The court in Medan on Sumatra Island, Indonesia, Tuesday, set a judicial precedent by sentencing an ethnic Chinese Buddhist to 18 months jail term for complaining about noise from a mosque’s call to prayer.
In what is the latest conviction under a controversial blasphemy law, Meiliana, 44, was found guilty of insulting Islam for asking her neighbourhood mosque to lower its sound system because it was too loud and “hurt” her ears.
Her lawyer said his client would appeal the ruling of the court.
There are some 800,000 mosques across the archipelago, with the five-times-a-day call to prayer heard everywhere in the biggest cities and smallest towns.
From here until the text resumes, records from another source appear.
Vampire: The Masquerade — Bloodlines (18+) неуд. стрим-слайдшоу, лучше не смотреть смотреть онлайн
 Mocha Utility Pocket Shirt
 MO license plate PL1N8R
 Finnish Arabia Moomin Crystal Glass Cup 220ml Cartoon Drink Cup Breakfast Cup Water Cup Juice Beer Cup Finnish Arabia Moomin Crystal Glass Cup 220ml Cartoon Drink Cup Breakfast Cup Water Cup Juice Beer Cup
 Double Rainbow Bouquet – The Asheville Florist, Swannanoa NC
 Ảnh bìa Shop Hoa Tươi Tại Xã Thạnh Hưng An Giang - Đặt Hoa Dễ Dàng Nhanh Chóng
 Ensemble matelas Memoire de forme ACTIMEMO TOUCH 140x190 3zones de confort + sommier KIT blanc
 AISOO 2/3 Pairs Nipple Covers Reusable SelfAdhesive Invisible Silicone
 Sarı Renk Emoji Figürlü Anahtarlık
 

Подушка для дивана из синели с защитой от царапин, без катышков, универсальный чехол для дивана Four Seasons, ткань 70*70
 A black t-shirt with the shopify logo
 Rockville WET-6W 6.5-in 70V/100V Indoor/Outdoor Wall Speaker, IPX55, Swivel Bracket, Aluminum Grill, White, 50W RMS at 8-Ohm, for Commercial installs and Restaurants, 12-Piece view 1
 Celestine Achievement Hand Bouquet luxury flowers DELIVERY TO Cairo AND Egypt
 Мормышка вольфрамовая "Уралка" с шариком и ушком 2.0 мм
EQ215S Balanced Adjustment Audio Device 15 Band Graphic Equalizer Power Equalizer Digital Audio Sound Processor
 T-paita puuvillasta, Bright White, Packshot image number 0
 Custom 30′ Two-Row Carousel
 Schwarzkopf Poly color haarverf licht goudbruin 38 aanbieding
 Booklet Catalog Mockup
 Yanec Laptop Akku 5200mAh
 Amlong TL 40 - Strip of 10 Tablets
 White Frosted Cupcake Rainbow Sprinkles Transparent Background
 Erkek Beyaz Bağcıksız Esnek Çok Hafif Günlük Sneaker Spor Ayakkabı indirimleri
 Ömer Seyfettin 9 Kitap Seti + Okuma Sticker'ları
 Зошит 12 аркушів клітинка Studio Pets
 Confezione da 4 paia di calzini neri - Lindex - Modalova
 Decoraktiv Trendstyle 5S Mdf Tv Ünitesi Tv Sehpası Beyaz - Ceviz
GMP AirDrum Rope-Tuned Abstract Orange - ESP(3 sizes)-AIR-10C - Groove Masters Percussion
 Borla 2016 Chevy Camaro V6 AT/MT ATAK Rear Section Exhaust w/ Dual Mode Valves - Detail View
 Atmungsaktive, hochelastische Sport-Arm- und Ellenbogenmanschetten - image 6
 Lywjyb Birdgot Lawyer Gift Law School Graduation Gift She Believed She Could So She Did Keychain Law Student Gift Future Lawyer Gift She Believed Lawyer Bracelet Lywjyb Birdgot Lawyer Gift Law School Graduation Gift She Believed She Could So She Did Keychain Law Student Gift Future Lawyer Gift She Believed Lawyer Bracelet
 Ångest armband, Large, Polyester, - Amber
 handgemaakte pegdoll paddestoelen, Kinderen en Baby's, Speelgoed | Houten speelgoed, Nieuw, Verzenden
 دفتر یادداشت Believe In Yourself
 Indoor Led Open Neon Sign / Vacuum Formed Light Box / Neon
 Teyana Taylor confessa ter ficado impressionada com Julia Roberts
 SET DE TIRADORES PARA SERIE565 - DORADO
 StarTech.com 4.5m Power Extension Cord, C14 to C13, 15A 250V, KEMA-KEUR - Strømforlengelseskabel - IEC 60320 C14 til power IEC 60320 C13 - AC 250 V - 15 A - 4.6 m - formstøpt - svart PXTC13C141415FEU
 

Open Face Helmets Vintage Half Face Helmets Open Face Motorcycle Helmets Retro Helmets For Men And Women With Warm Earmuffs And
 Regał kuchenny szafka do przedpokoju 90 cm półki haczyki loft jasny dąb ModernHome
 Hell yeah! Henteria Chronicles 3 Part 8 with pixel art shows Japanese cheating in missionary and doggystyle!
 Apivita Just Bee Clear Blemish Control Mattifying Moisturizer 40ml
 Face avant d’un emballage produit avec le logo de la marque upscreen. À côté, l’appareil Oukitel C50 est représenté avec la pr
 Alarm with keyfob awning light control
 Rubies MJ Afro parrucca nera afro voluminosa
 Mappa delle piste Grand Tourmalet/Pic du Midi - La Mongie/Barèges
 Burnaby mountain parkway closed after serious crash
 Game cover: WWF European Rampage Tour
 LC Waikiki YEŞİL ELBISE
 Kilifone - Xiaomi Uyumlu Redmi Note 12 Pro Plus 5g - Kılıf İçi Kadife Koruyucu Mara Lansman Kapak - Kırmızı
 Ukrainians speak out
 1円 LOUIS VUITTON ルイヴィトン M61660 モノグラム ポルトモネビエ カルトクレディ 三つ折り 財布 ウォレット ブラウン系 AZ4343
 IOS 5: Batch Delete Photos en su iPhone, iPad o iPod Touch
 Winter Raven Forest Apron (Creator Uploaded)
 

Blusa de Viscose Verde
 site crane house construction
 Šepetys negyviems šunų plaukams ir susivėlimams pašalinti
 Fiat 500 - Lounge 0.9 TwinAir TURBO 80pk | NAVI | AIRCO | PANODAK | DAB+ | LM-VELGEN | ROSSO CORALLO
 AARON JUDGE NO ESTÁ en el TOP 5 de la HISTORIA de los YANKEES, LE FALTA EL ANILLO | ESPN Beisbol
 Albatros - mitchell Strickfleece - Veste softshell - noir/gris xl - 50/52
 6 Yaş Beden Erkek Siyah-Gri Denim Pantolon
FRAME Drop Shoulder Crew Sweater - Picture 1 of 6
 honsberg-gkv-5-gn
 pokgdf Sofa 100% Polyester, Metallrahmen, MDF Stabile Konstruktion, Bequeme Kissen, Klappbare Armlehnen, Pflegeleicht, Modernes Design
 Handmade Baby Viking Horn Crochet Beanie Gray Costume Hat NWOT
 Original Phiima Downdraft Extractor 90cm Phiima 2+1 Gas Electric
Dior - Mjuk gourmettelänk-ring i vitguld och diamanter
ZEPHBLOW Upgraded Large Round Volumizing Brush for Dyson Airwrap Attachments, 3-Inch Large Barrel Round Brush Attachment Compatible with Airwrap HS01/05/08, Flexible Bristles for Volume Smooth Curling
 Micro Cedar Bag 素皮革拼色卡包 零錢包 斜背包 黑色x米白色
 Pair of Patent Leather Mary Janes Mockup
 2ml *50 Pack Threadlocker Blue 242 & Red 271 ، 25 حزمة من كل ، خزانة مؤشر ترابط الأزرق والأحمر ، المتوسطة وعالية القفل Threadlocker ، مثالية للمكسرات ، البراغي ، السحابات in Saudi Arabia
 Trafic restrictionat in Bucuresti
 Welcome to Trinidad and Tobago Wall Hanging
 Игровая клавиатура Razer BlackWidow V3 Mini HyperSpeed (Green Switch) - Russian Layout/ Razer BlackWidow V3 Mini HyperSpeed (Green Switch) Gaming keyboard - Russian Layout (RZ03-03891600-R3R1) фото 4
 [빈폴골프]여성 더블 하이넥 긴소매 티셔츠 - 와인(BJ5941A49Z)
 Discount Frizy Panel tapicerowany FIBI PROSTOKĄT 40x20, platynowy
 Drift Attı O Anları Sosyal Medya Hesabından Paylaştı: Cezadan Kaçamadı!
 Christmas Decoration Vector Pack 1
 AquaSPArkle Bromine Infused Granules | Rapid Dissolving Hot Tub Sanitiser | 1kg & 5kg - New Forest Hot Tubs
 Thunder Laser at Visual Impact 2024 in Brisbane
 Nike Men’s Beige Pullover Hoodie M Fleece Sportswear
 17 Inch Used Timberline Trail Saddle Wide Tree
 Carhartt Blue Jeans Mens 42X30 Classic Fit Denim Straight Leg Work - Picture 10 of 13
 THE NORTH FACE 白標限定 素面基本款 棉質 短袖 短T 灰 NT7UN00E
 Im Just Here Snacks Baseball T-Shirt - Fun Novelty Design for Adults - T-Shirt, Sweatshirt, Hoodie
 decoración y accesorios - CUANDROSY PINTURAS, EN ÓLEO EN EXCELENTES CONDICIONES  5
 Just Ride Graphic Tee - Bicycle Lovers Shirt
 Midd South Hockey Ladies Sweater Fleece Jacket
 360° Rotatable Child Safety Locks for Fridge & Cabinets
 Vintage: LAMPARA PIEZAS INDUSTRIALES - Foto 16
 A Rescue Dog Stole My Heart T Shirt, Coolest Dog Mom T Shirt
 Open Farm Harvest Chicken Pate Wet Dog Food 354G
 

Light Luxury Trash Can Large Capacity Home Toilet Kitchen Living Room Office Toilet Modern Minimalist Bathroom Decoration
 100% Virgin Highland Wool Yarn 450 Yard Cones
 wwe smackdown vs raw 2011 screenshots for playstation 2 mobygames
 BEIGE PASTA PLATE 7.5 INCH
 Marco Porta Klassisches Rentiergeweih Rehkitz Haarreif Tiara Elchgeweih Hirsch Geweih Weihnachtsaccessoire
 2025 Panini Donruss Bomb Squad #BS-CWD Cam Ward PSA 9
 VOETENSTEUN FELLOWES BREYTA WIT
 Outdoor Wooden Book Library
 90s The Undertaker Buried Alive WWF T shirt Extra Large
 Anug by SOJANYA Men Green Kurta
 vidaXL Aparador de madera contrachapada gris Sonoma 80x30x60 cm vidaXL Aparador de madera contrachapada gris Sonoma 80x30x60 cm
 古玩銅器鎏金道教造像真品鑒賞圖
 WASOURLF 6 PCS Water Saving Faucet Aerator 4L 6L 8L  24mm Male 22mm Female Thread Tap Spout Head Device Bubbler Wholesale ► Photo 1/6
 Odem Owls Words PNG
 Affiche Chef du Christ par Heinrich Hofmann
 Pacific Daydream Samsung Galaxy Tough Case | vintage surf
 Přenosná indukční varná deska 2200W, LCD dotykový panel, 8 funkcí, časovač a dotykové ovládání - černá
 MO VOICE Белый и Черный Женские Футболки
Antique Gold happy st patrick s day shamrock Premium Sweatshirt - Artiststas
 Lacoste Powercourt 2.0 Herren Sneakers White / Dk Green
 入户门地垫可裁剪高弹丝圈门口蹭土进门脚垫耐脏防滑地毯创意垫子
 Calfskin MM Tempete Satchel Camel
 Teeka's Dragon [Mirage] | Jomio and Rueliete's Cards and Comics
Tuesday’s verdict came amid fears that Indonesia’s moderate brand of Islam is coming under threat from increasingly influential radicals.
The court said the woman’s comments two years ago triggered riots that saw angry Muslim mobs ransack Buddhist temples.
Indonesia, which has the world’s biggest Muslim population, is officially pluralist with six major religions recognised, including Hinduism, Christianity and Buddhism. Freedom of expression is supposed to be guaranteed by law.
But criticising religion particularly Islam, which is followed by nearly 90 percent of Indonesia’s 260 million citizens can land offenders in jail.
Last year, Jakarta’s former governor the city’s first Christian leader of Chinese descent was sentenced to two years in jail for blasphemy.